Created on Sun Oct 3 12:11:13 2021

@author: Yair Reichman

class Locpot_class.Locpot_yair(input_locpot=None, axis_index=None, is_2D=False, is_bulk_material=False, Has_interface=True, Locpot_file_name=None, Locpot_file_directory=None, Bulk_Locpot_file_name=None, Bulk_Locpot_file_directory=None, Locpot_Full_path=None, Locpot_bulk_materials_full_path=None, to_flip=False, has_flipped=False)[source]¶

Bases: object

Class of locpot where all its properties and its methods can be found

__init__(input_locpot=None, axis_index=None, is_2D=False, is_bulk_material=False, Has_interface=True, Locpot_file_name=None, Locpot_file_directory=None, Bulk_Locpot_file_name=None, Bulk_Locpot_file_directory=None, Locpot_Full_path=None, Locpot_bulk_materials_full_path=None, to_flip=False, has_flipped=False)[source]¶

Parameters

input_locpot (pymatgen.io.vasp.outputs.Locpot, optional, default: None) – Can be initialized with an existing pymatgen locpot object.
axis_index (int,{0: x, 1: y, 2: z}, optional, default: 2) – The axis index to be averaged along. (for x, insert axis_index=0, for y axis insert axis_index=1, and for z axis insert axis_index=2).
is_2D (bool, optional, default: False) – A flag that enables to perform 2D calculations. Not all functions support 2D calculations yet.
bulk_material (bool, optional, default: False) – Aims to skip unecessary steps in the initializtion process for loading bulk materials.
Locpot_file_name (str, optional, default: None) – Supply the string for the name of the locpot file, and also a string for the full path of the directory where the locpot files are located.
Locpot_file_directory (str, optional, default: None) – Supply the string for the name of the locpot file, and also a string for the full path of the directory where the locpot files are located.
Bulk_Locpot_file_name (list/tuple (str,str), optional, default: None) – For two different bulk locpot file names and full paths - supply it in a form of a list uple. The first place is for the first bulk material and the second place is for the second bulk material.
Bulk_Locpot_file_directory (list/tuple (str,str), optional, default: None) – For two different bulk locpot file names and full paths - supply it in a form of a list uple. The first place is for the first bulk material and the second place is for the second bulk material.
Locpot_Full_pat (str, optional, default: None) – Supply the string for the the full path of the Locpot file.
Locpot_bulk_materials_full_path (list/tuple (str,str), optional, default: None) – For two different bulk locpot full paths - supply it in a form of a list uple. The first place is for the first bulk material and the second place is for the second bulk material.

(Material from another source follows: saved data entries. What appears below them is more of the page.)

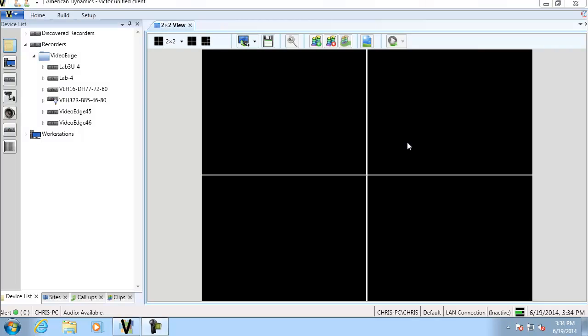Hello and welcome to an e-demo of motion search in Victor Unified Client. What we're going to do today is we're going to learn how to carry out a search and retrieve based on a motion alarm.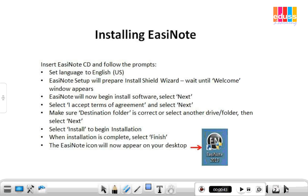When the installation is complete, select Finish. The EasyNote software icon will now appear on your desktop, as you can see here on the right.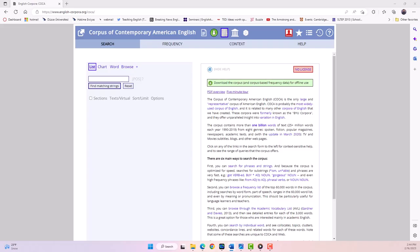Welcome to a quick demonstration of the Corpus of Contemporary American English website, the corpus that we talked about earlier. In this video, we will be highlighting the main features of the website and giving examples of how you can use it so you have an idea of what we are talking about with the web-based corpus.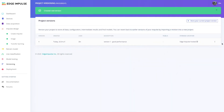Deploying machine learning applications is an iterative process, and therefore being able to track your experiments and deployments is extremely crucial. Edge Impulse provides this capability with the versioning tab, so you never have to worry about losing your work ever again.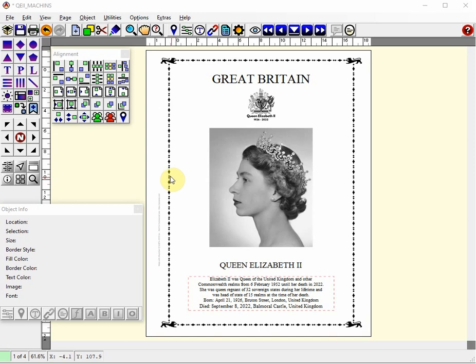Today we're continuing with the second introductory video to show you how to perform some things you will likely use in every album you create in AlbumGen version 3, including the newly added non-printing item objects. I currently have a small Great Britain album open I will use to add or modify for you today.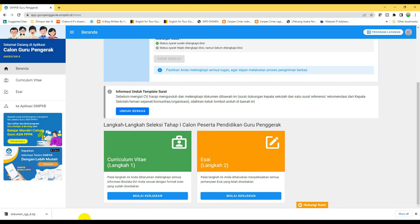Kita kembali ke simpkb. Setelah kita unduh berkas, kita isi, nanti itu kita unggah sesuai dengan tempat yang disediakan. Mengunggah berkas pun tidak harus serentak, boleh satu-satu, dan bisa kita pending dulu — kita bisa mengisi yang sudah siap terlebih dahulu.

get_atoms_position()[source]¶

Parameters: self –
Returns: numpy.ndarray, (N,5) – A matrix of the the coordinates of the atoms. There are 5 columns, the first three are the spatial coordinates of the atoms, as the first column is for x axis, the scond column is for the y axis, and the third column is for the z axis. The fourth column contains the atoms symbols, and the fifth and the last column has the atomic radius of the atoms.

averaging_along_axis(locpot_vec=None, to_plot=False, to_plot_atoms=False, to_plot_widths=False, to_plot_heights=False, to_plot_cursor_choice=False)[source]¶

Parameters

locpot_vec (np.array, optional. default : None) – 2 Columns arrays for the spatial coordinates and the local potential values.
to_plot (bool, optional, default: False) – A flag to determine whether to plot or not.
to_plot_atoms (bool, optional, default: False) – A flag that represents the choice whether to plot or not another plot of the atoms arrangement in 1D.
to_plot_widths (bool, optional, default: False) – A flag that represents the choice whether to annotate or not the peaks widths of the locpot.
to_plot_heights (bool, optional, default: False) – A flag that represents the choice whether to annotate or not the peaks heights of the locpot.
to_plot_cursor_choice (bool, optional, default: False) – A flag that represents the choice whether to show cursor lines and annotate each click with box.

Returns

numpy.ndarray, (N,2) – It returns a locpot matrix.The first column is the vector that contains the spatial coordinates of system. The second column is the averaged potential along the desires axis.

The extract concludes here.